[Stored records]
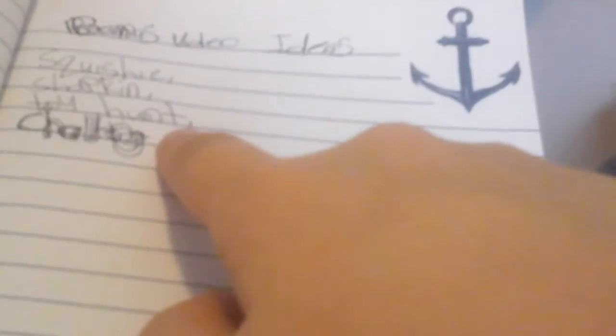And then on the last page for today, I know I spelled challenge wrong. I forgot to write the other letter. But it says bonus video ideas. I want to do squishy videos, shopkin videos, maybe toy hunts. Not so sure about that one though. And challenge videos. So that's all I have for my book so far.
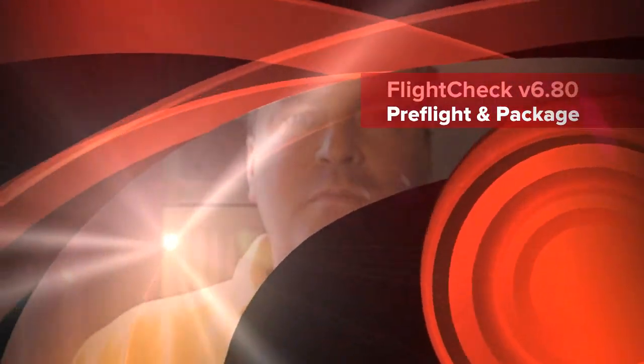Hi, everybody. David Dilling from Markzware here. And today, we're here with yet another exciting release, FlightCheck 6.80. Alright, let's go check it out.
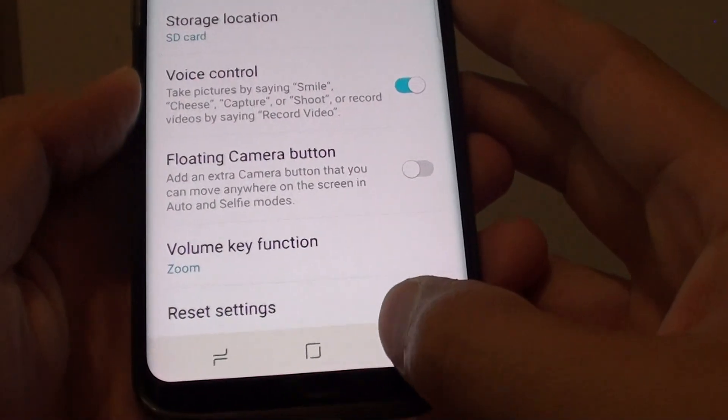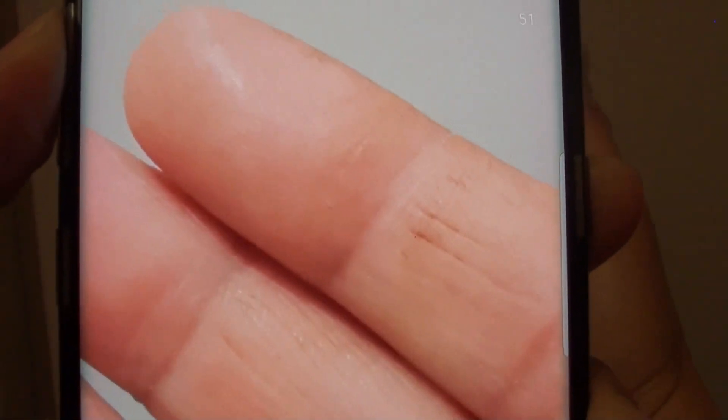And we tap on the back key here to go back to the camera app. And now, this time, when we're pressing on the volume key instead of taking a photo, it will zoom in or zoom out, as you can see on the subject right here — it zooms right in or we can zoom it right out.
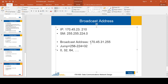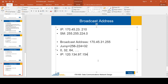Let's take an example with a Class A IP address and find its broadcast address. The IP address is 123.43.43.43 and the subnet mask is 255.240.0.0.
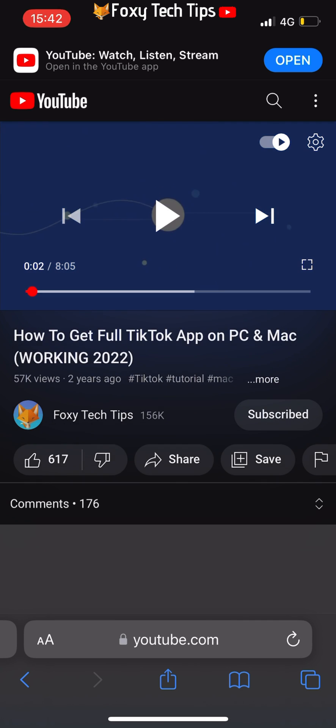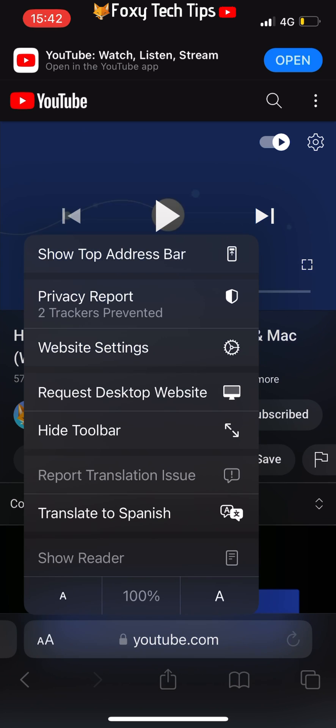Before you play it, tap the AA button at the bottom left of the screen and then select Request Desktop Website.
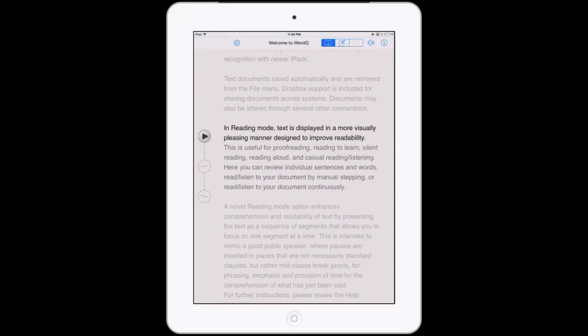Reading sentences. Listening to a sentence being spoken helps you hear the flow of the sentence to determine whether there are problems with spelling, word order, grammar, and content. Each sentence is spoken out three different ways through a single play button.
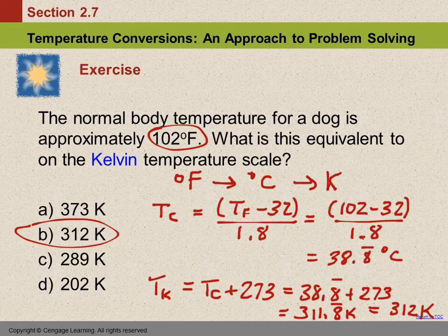I won't give you a two-step temperature conversion like this on an exam, but it's good to understand how it works.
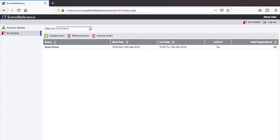After you log in for the first time you'll see this screen. From here you can access all of the events your user account is linked to. You can also create new events and delete events when you've finished with them.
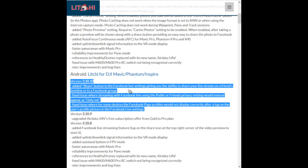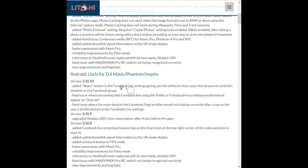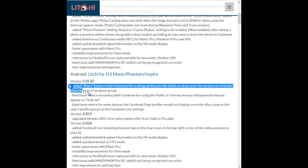The other question I've been asked on the video — I need to point this out. It's added a share button in the Facebook Live settings, giving the ability to share your live stream on a friend's timeline or in a Facebook group. What it actually means is once you've finished the live stream, you press the share button and you can choose a friend or a group. That doesn't mean you can share the live stream as you do it to a friend or group — you have to share the final result once it's finished. Very important to point out because a couple of people have asked me the same question.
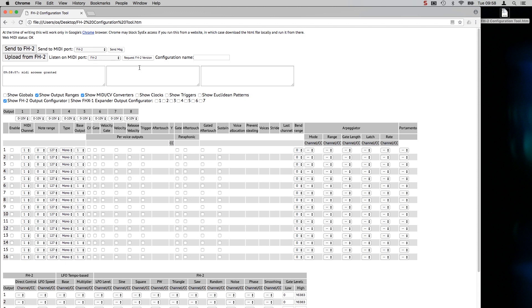Just to do a little test, if we press the request FH2 version button, it sends some sysx, receives some sysx, and this reports that the FH2 is running firmware version 1.0, which is correct.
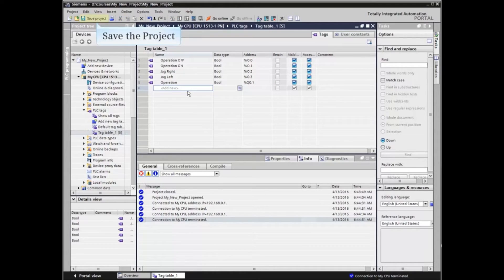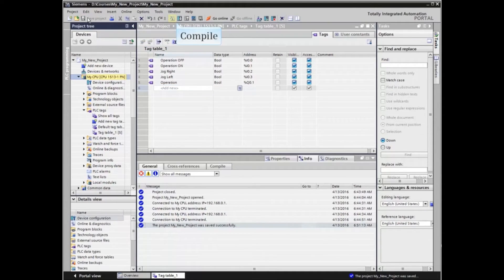When all elements have been added to the table, save the project and compile.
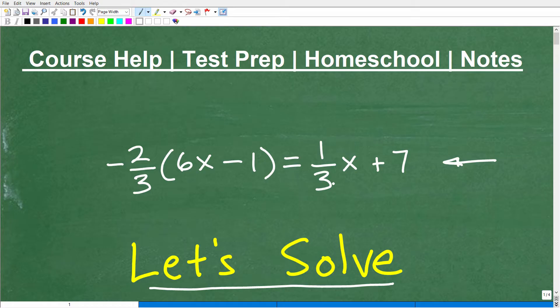But if you could do this problem, then that's a pretty good indication that you've got some good skills going here. But I'm going to get into this problem in just one second. But first, let me quickly introduce myself. My name is John. I'm the founder of Tablet Class Math. I'm also a middle and high school math teacher. I've been teaching math for decades.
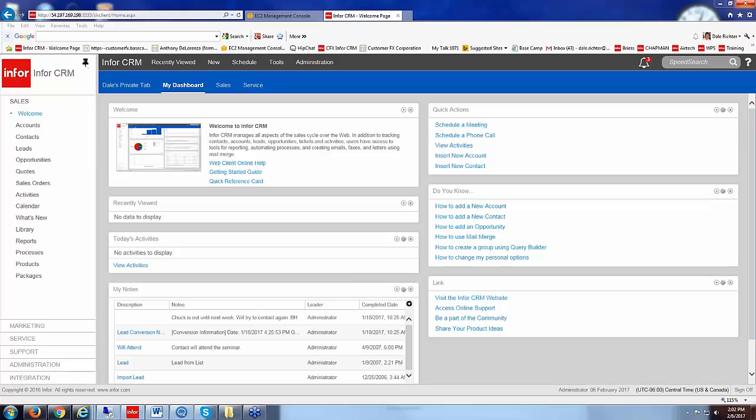Today we're going to be talking about navigating our reports within the web client. I'm running version 8.3 here today and you should be like you are.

● **BRIEF**
Above are some records. Reproduce the lines from the one with "Before you play" down to the one with "I won't give", keeping both, and leave every picture out.

● **ANSWER TO THIS TASK**
Before you play it, tap the AA button at the bottom left of the screen and then select Request Desktop Website.
Reading sentences. Listening to a sentence being spoken helps you hear the flow of the sentence to determine whether there are problems with spelling, word order, grammar, and content. Each sentence is spoken out three different ways through a single play button.
I won't give you a two-step temperature conversion like this on an exam, but it's good to understand how it works.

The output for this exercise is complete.